Fermentation Enhancement:
By breaking down starches into fermentable sugars, amylase promotes yeast activity during fermentation. It provides an additional source of sugar for yeast metabolism, leading to increased carbon dioxide production. This results in improved dough rise and increased bread volume.
Texture Improvement:
Amylase aids in improving the texture and crumb structure of baked goods. It breaks down starch molecules, resulting in more even distribution of sugars throughout the dough. This contributes to a softer and more tender crumb texture.
Shelf Life Extension:
The breakdown of starches by amylase leads to the production of simple sugars, which act as humectants, retaining moisture in baked goods. This moisture retention helps prolong the shelf life of products, keeping them fresher for a longer time.
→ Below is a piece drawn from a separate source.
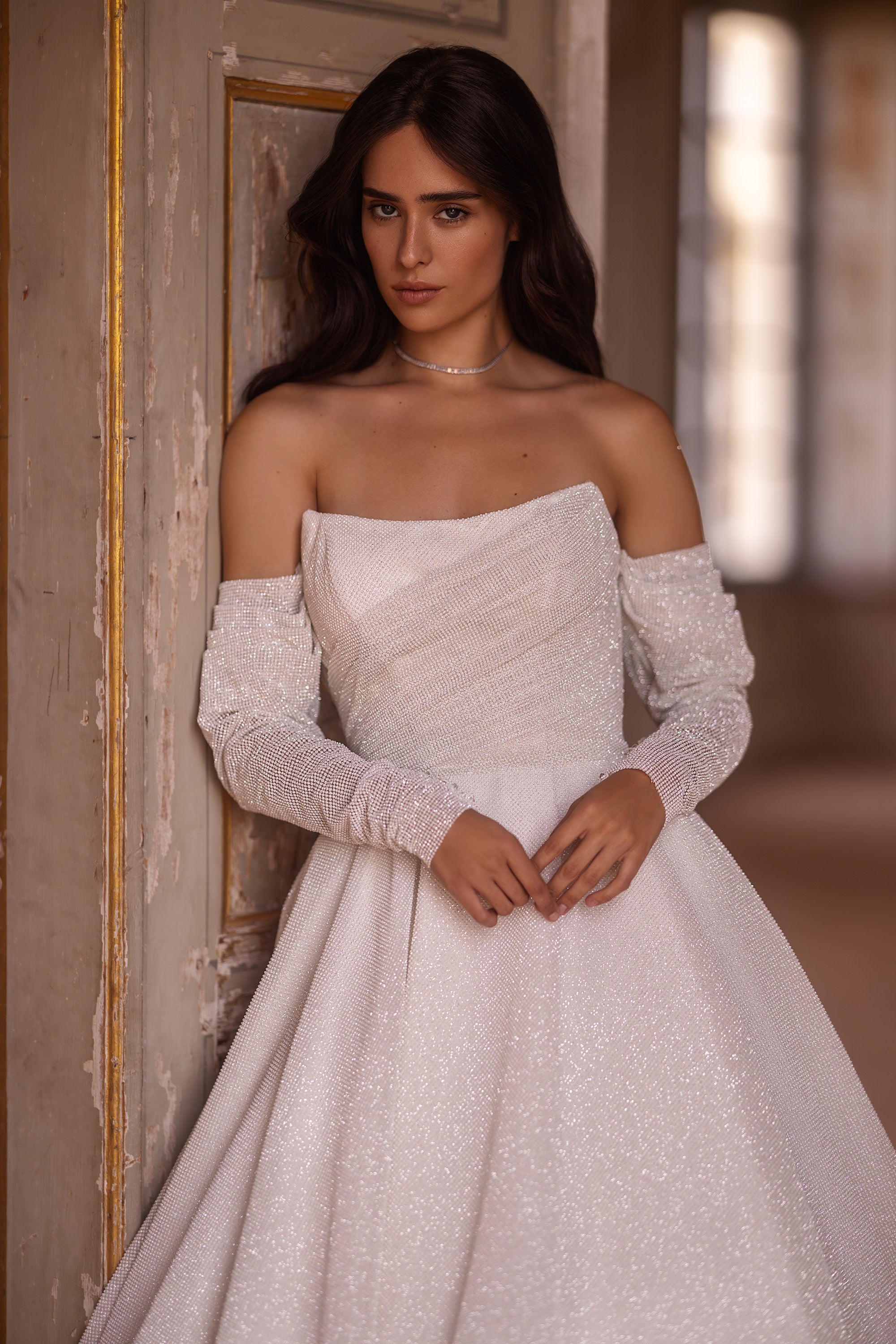 Gorgeous Ballgown Wedding Dress with Straight Neck, Sparkle Fabric, and Detachable Sleeves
Browning and Flavor Development:
Amylase plays a role in the Maillard reaction, which is responsible for browning and flavor development in baked goods. The breakdown of starches by amylase generates reducing sugars that participate in the Maillard reaction, resulting in desirable color and flavor characteristics.
Maltose Syrup Production:
Amylase is also used in the production of maltose syrup, which serves as a sweetener, flavor enhancer, and fermentation substrate. Maltose syrup finds applications in various baked goods, confectionery items, and beverages.